Using Git

Introduction

Git is a distributed version control system which you will use to manage your lab source code during this course. Git is compatible with a large number of protocols and is supported on most major operating systems. It was originally created to assist in Linux kernel development.

You will be using Git to manage the source code of your labs during the course. With Git, you can easily keep track of the changes that you make to your projects, compare differences between different versions of your code, and revert changes as necessary. Git, like most modern version control systems, has the ability to maintain separate branches of code, which programmers can work on in distributed fashion and later merge together. This guide is intended to serve as a bare introduction to getting started with Git.

Helpful Git Documentation

The following is a list of documentation for Git, which will assist you in understanding how Git approaches the subject of distributed version control, and how Git works in general. You will not be using every feature of Git in this course, only the features necessary to clone, stage, commit, and push your lab work.

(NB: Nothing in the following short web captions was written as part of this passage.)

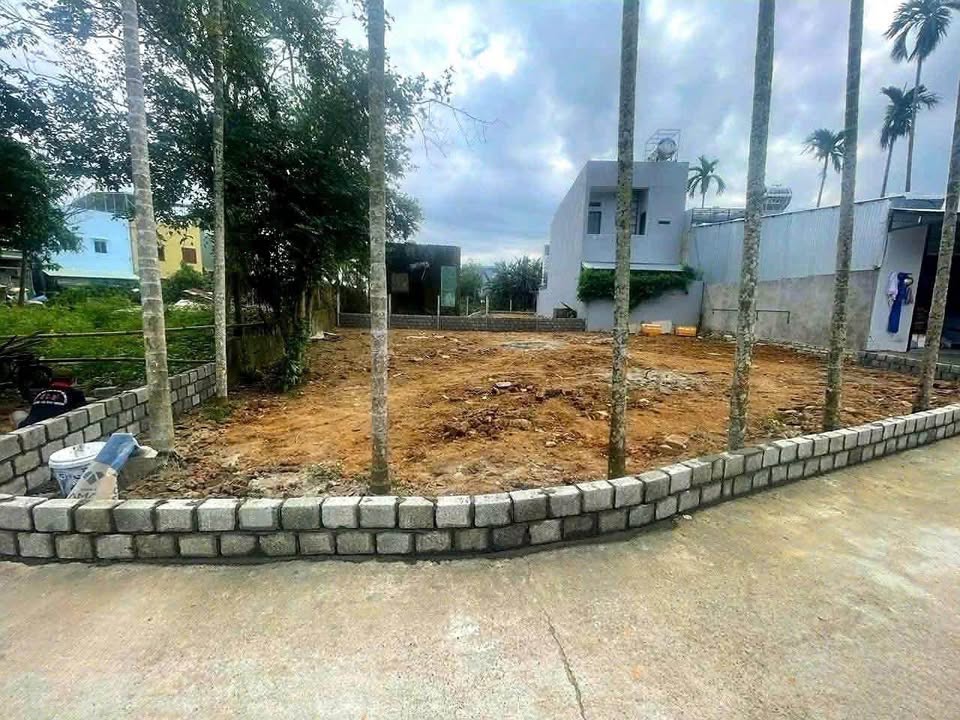 Lô đất 219m² Quang Châu, Hòa Xuân chỉ 3.5 tỷ - Tách được 2 lô, tiềm năng tăng giá cao!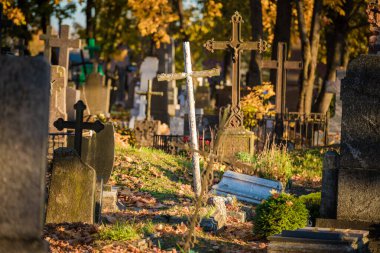 Old Cemetery in Lithuania, Europe. Autumn Leaves and Tree in Background
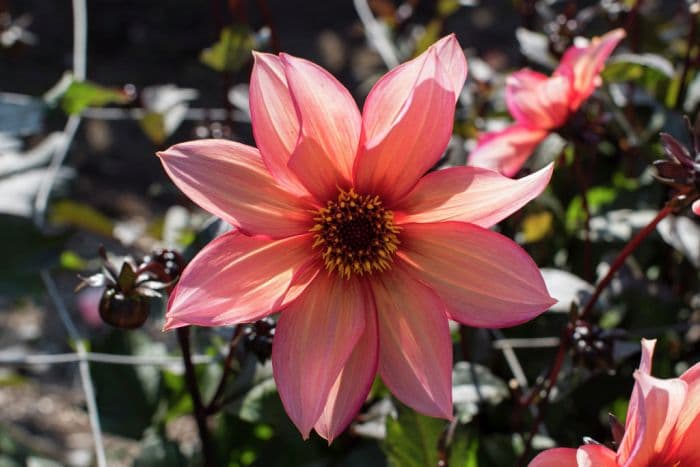 dahlia 'Waltzing Mathilda'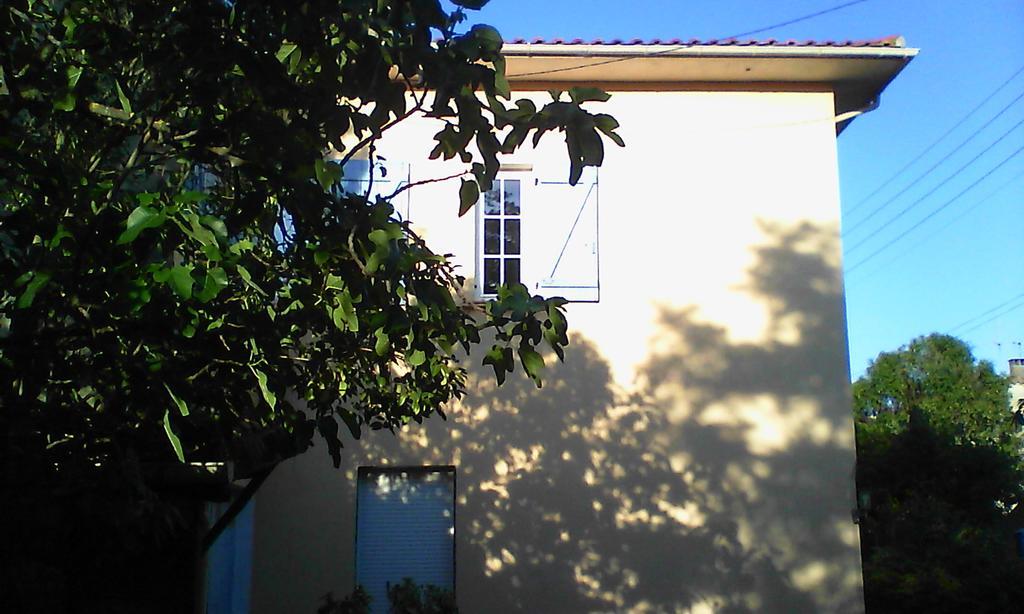 Apartment Albert Parking Prive Gratuit リムー エクステリア 写真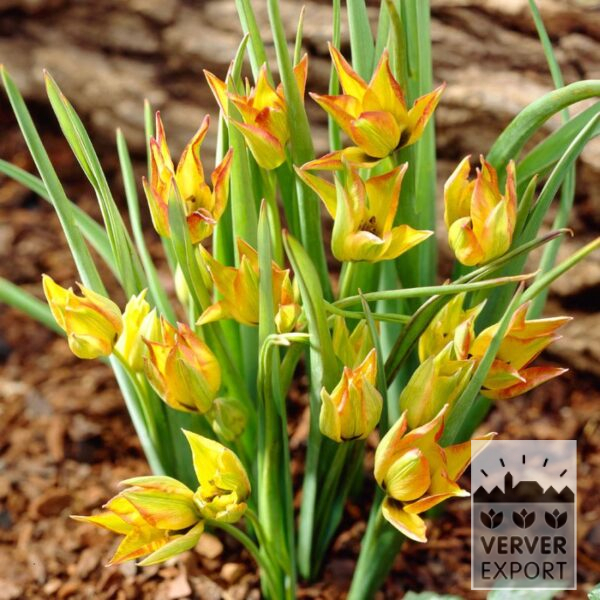12756, botanisk tulipan spesiell, orphanidea "Flava", antall i pakken 10stk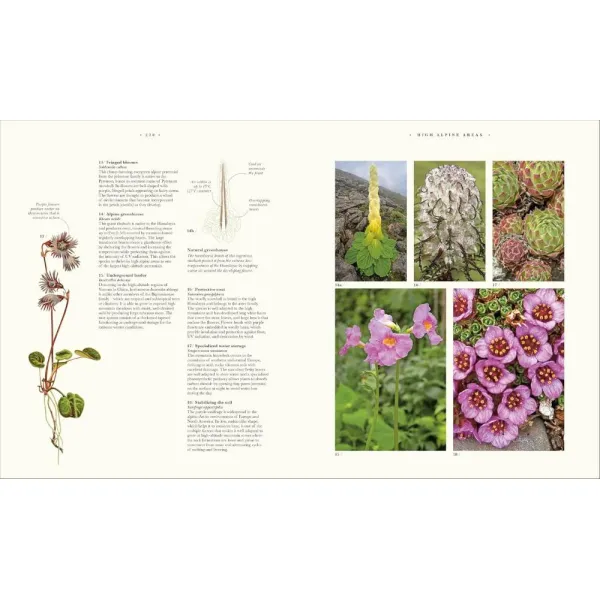 Atlas of Botany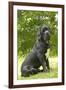 Cane Corso, Italian Mastiff-null-Framed Photographic Print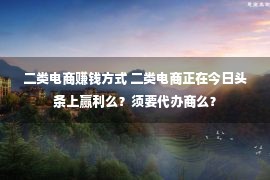 二类电商赚钱方式 二类电商正在今日头条上赢利么？须要代办商么？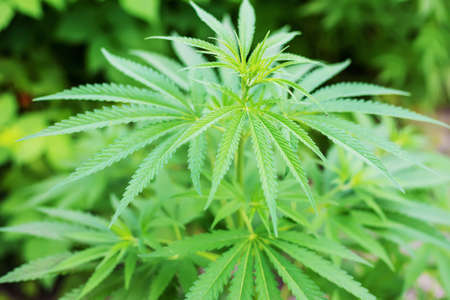 Pile of marijuana cannabis leaf texture.selectiv focus.natureの写真素材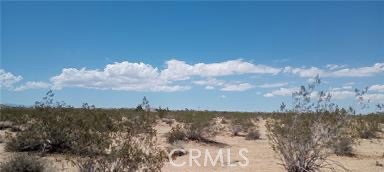 MLS #SW25126766 image #3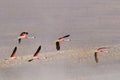 Flying Chile Flamingos, Phoenicopterus Chilensis, Surire Lagoon Salt Lake Natural Monument, Chile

Git Reference Manual - The reference manual on the Git website.
The Official Git Tutorial - Git tutorial on the Git website.
Git for Beginners: The Definitive Practical Guide - from Stackoverflow.
Understanding Git Conceptually - Excellent tutorial on how Git organizes commit objects, and how to branch, merge, and rebase.

This documentation list is by no means exhaustive, but will more than cover any use of Git that you will be expected to perform in this course.

Obtaining Git

Git is already installed on the computers in the lab, data, and lore. If you plan to do your lab work on these machines, you do not need to do anything in this section. However, if you wish to use it on your own computer, you will need a local installation. If you are on Windows or Mac, you can obtain Git from the Git Website. If you are on Linux or some other variant of UNIX, you can use the package management software that you have to install git. See also the documentation for installing Git, which addresses some of the dependent libraries that Git needs.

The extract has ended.